Can I reunion the prediction after forward propagation for training a model with triplet loss?


#1

The code is as follows.
The reunion part is helpful for increasing the training speed.

for epoch in range(epochs):
       train_loss = 0.
       for features, indices in tqdm.tqdm(train_data):
           a_index, p_index, n_index = zip(*indices)
           data = features.as_in_context(ctx)
           with autograd.record():
               pred = net(data)
               # reunion the prediction as anchor, positive, negative
               a = pred[a_index,:]
               p = pred[p_index,:]
               n = pred[n_index,:]

               loss_ = loss(a,p,n).sum()
           loss_.backward()
           trainer.step(batch_size, ignore_stale_grad=True)
           train_loss += loss_.asscalar()

Is the reunion reasonable?
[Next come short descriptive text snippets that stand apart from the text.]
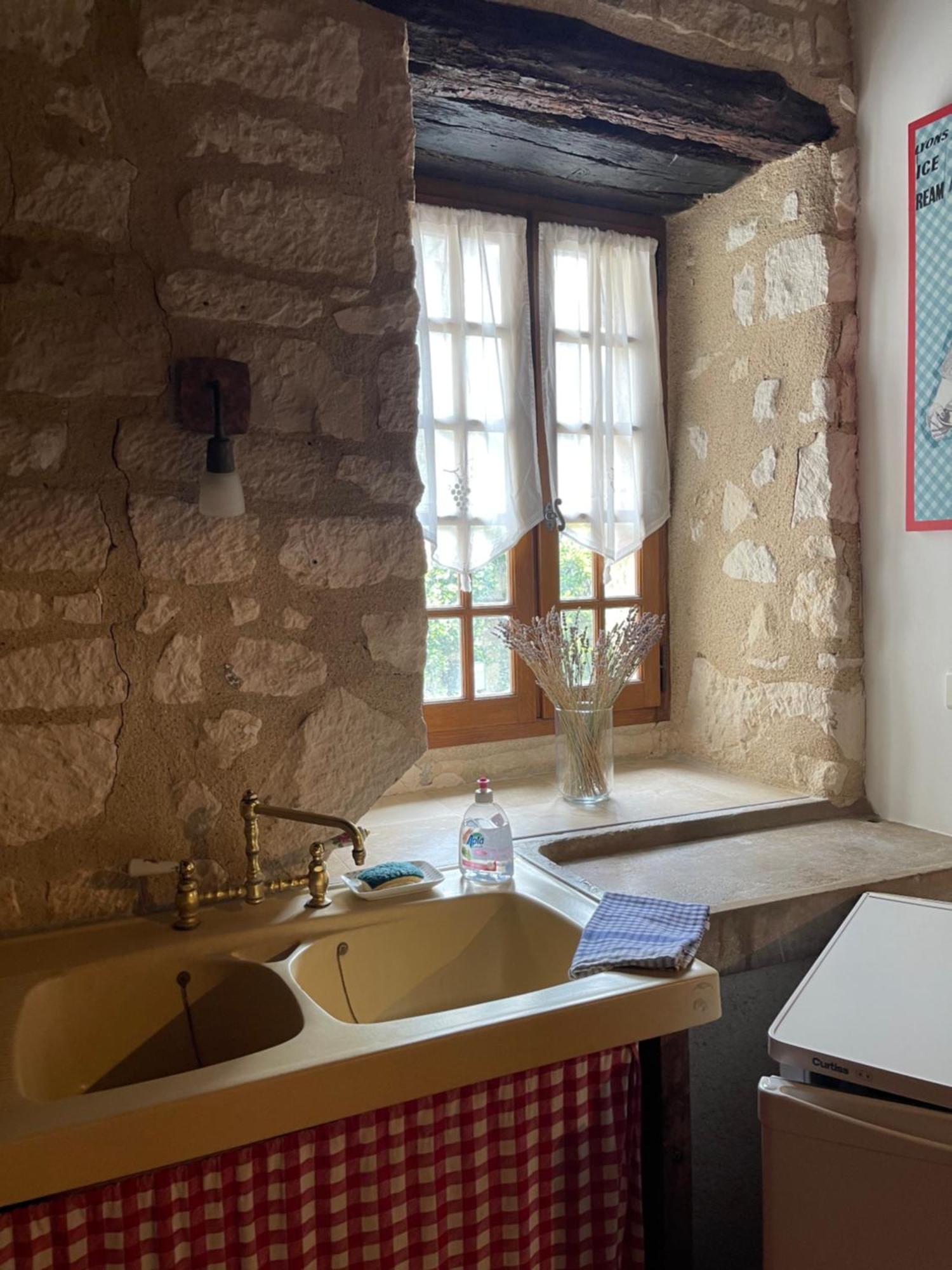 La Maison D'Alienor - Gites De Caractere A Chablis - 89 Dış mekan fotoğraf
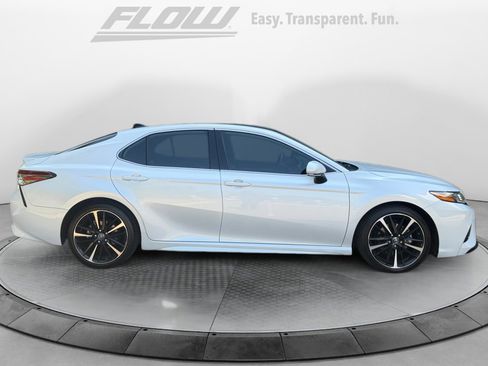 Used 2019 Toyota Camry XSE FWD image 10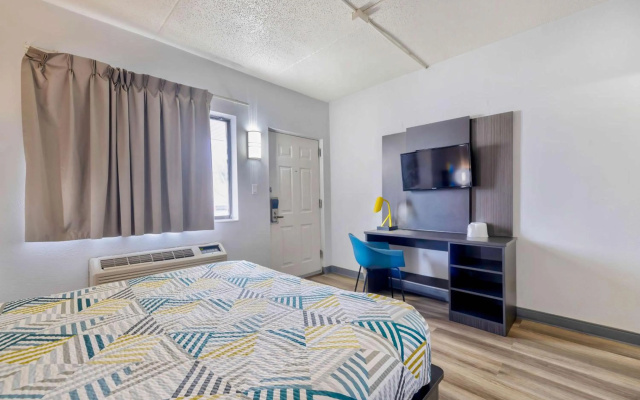 photo 3 of Motel 6 Villa Park, IL - Chicago West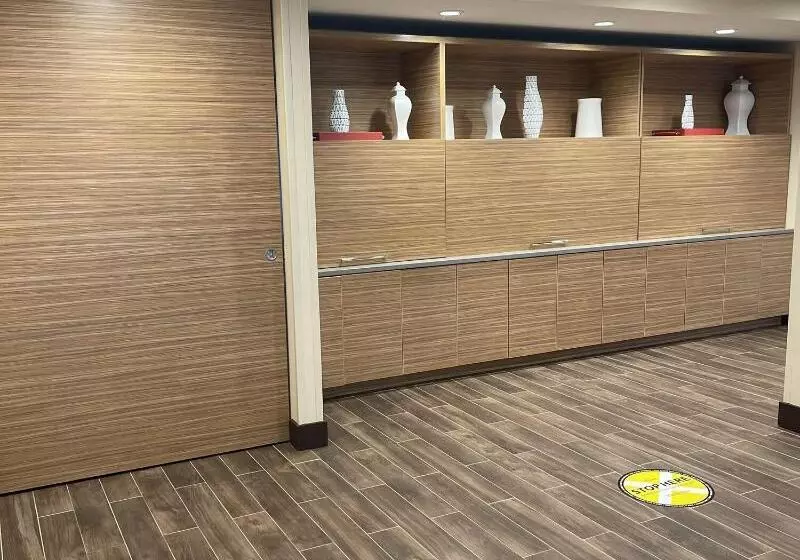 ホテル Towneplace Suites By Marriott Grand Rapids Airport Southeast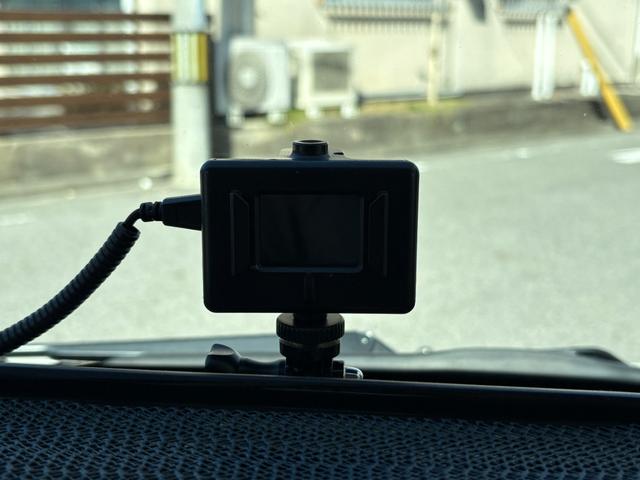 ハイゼットカーゴ クルーズ　ＳＡ　ＩＩＩ　禁煙　キャンピング　ちょいＣａｍ梓　ベッド　ルーフキャリア　リアラダー　ヒッチメンバー　両側スライドドア　社外ナビＴＶ　バックカメラ　ＥＴＣ　コーナーセンサー　社外ＡＷ　ＬＥＤオートハイ（19枚目）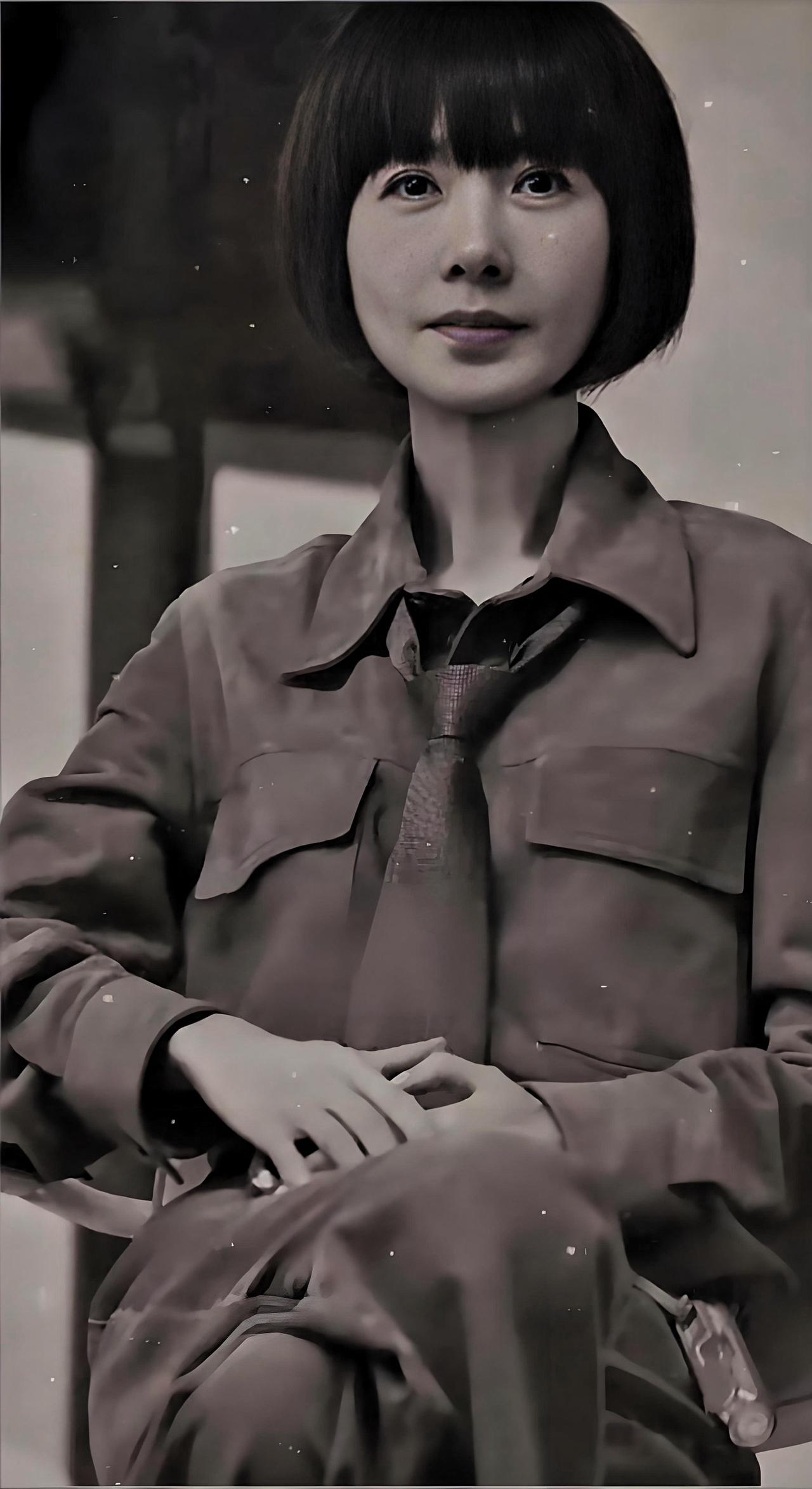 二十多岁的鲁豫既青春又美丽，而且是相当的有才华，英文专业才是她的拿手戏。当年进入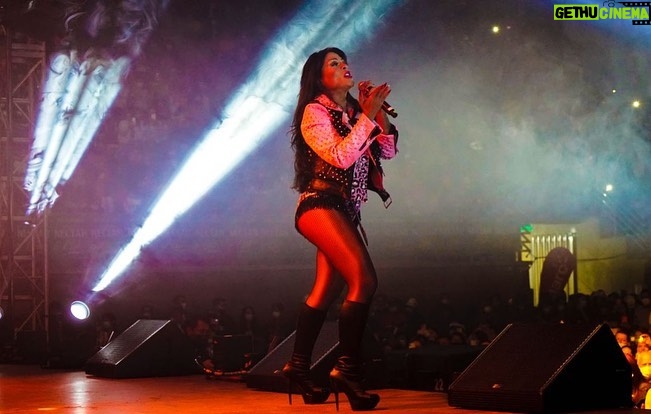 Marbelle - 41.1K Likes - Y seguimos de gira ! Gracias por una noche increíble Mosquera 🤩
Nos volveremos a ver 🙏
💋💋💋💋💋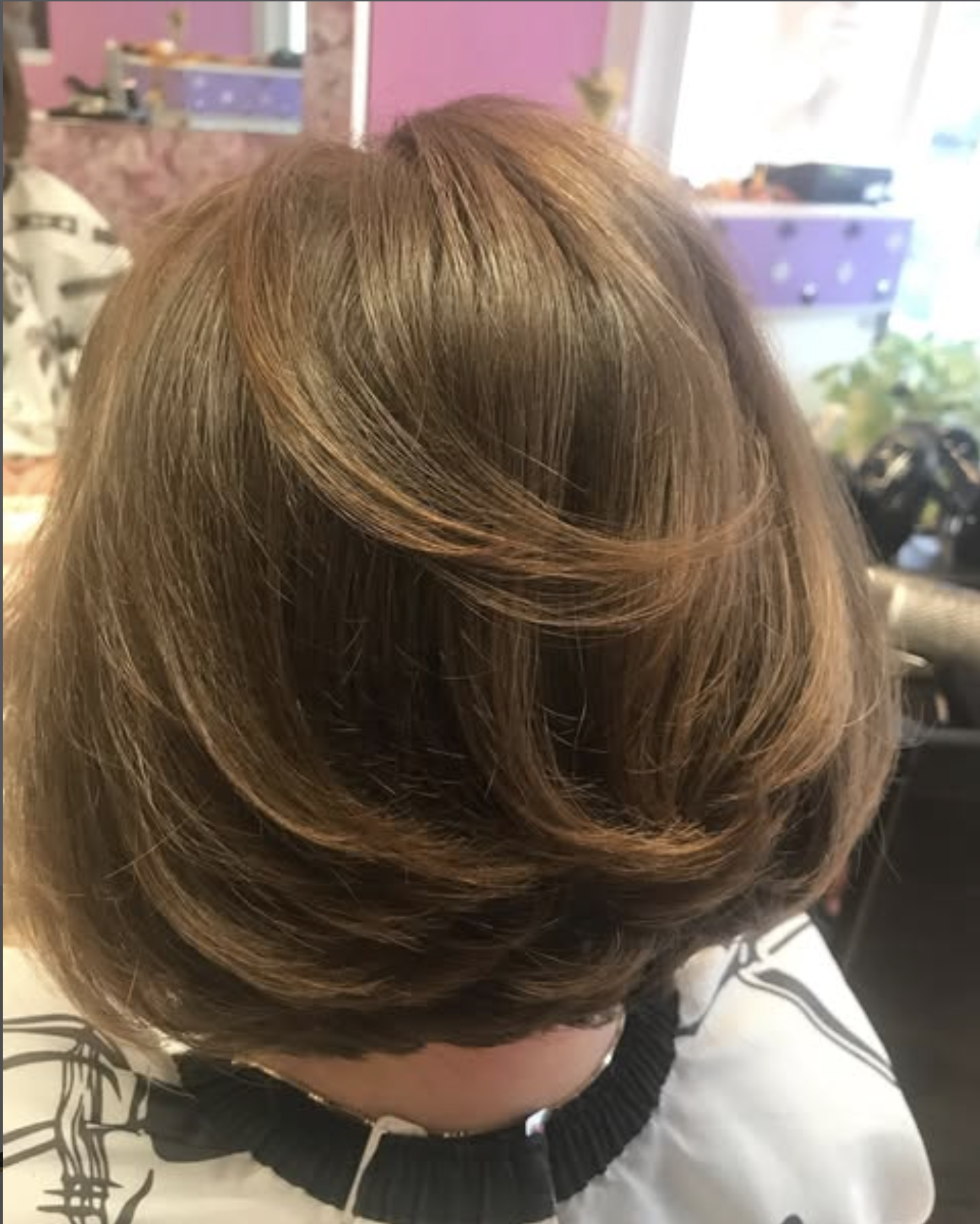 Stufenschnitt Wien – Brauner Stufenschnitt bei Hairstudio Tanja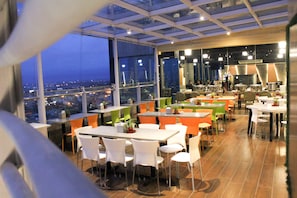 Breakfast, lunch, dinner served; Indonesian cuisine - Hermes Palace Hotel Medan (Medan)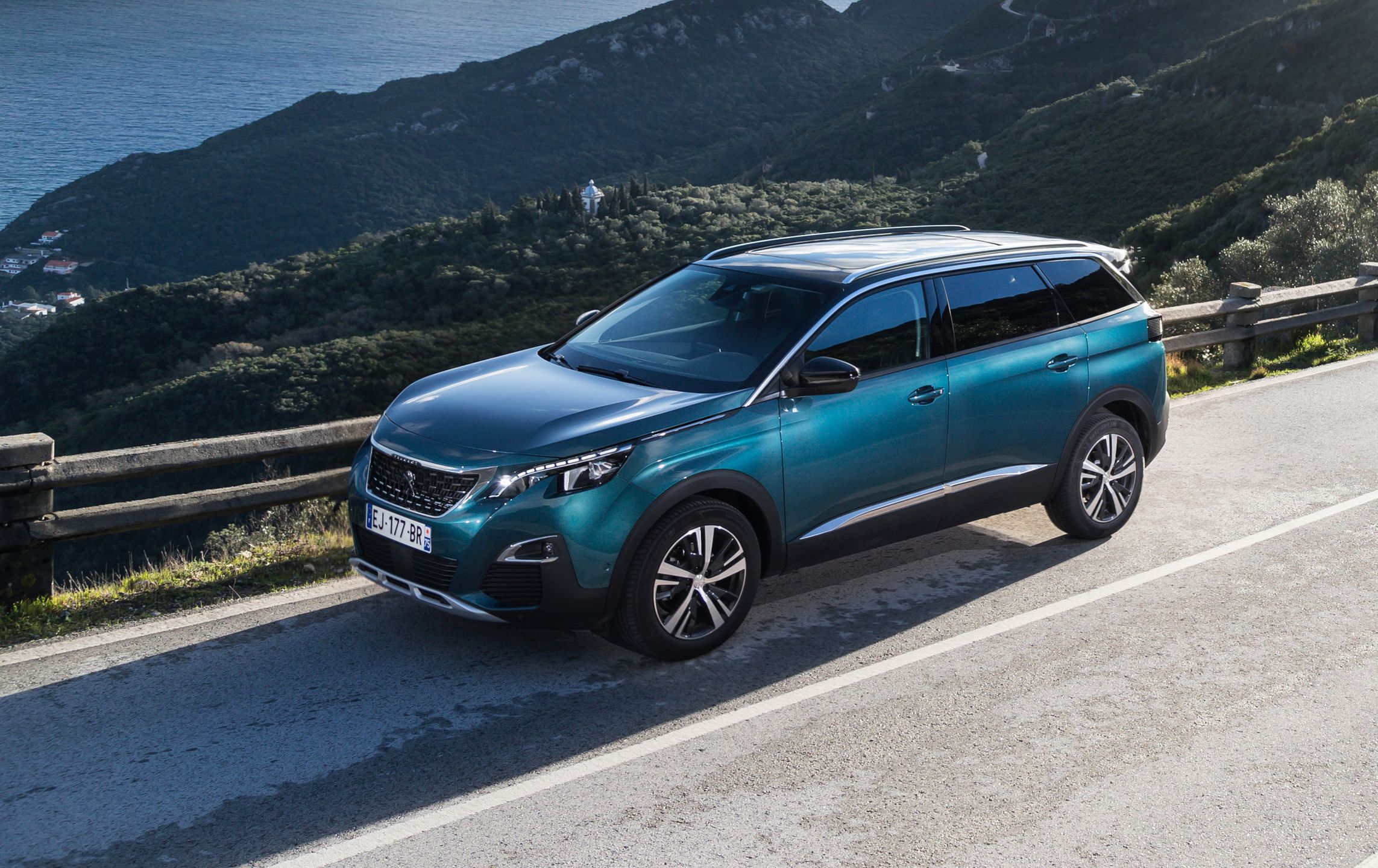 O takiej specyfikacji Peugeota 5008 za 100 tys. zł można pomarzyć. Zostaje tylko podstawowa wersja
And will the loss_ update the parameters correctly?


#2

Your code is doing an indexing operation on pred ndarray, which is supported for proper backward(). I’m not really sure what you mean by “reunion”. I’m also not sure why the indices is part of the train_data. But your code looks fine.


#3

Let’s assume that one batch data is

data = [[a1,p1,n1],[a1,p1,n2],[a1,p1,n3],[a1,p1,n4],
[a1,p2,n1],[a1,p2,n2],[a1,p2,n3],[a1,p2,n4],
[a1,p3,n1],[a1,p3,n2],[a1,p3,n3],[a1,p3,n4]
]

What I plan to do is to distinct the sample.
So the forward part is only related to [a1,p1,p2,p3,n1,n2,n3,n4] once.
But, the triplet loss is calculated with each pair of the data.


#4

What you’re doing works fine as shown by this code:

a = nd.array(range(10)).reshape((5,2))
a.attach_grad()
# Check simple case
with autograd.record():
    z0 = (a ** 2).sum()

z0.backward()
print(a.grad)

OUTPUT:

[[ 0.  2.]
 [ 4.  6.]
 [ 8. 10.]
 [12. 14.]
 [16. 18.]]
<NDArray 5x2 @cpu(0)>
# Check indexed case
idx0 = (1, 1, 1)
idx1 = (0, 2, 4)
with autograd.record():
    z1 = (a[idx0, :] ** 2).sum() + (a[idx1, :] ** 3).sum()

z1.backward()
print(a.grad)

OUTPUT:

[[  0.   3.]
 [ 12.  18.]
 [ 48.  75.]
 [  0.   0.]
 [192. 243.]]
<NDArray 5x2 @cpu(0)>